▸ **REQUIRED ACTION**:
This exercise calls for retyping every line below exactly, with the images omitted.

▸ **DATA PROVIDED**:
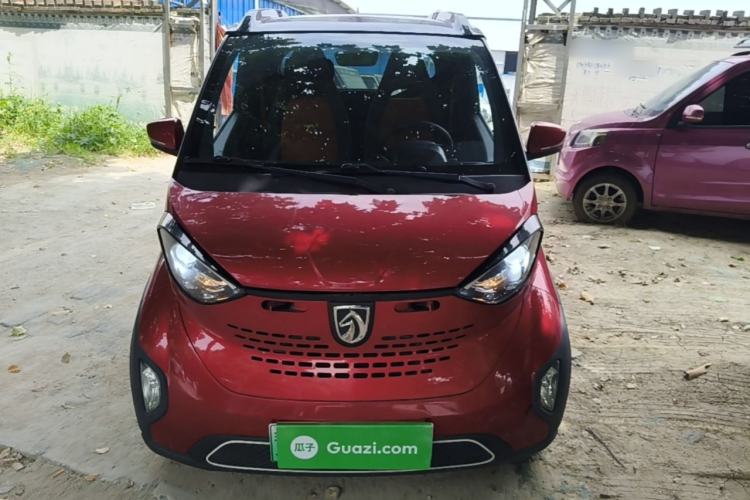 Used Baojun E100 2019 250KM Smart Drive Edition Front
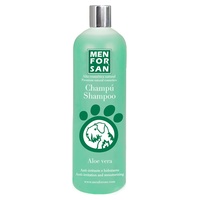Šampon pro psy s aloe vera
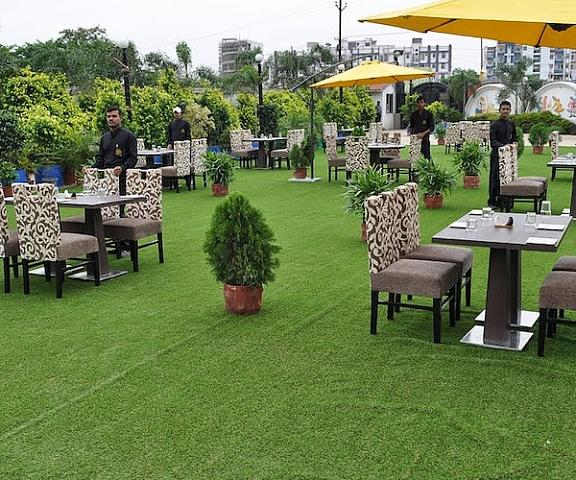 Vatika Premier Hotel Bihar Patna Restaurant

▸ **SOLUTION TO THE EXERCISE**:
 Used Baojun E100 2019 250KM Smart Drive Edition Front
Šampon pro psy s aloe vera
 Vatika Premier Hotel Bihar Patna Restaurant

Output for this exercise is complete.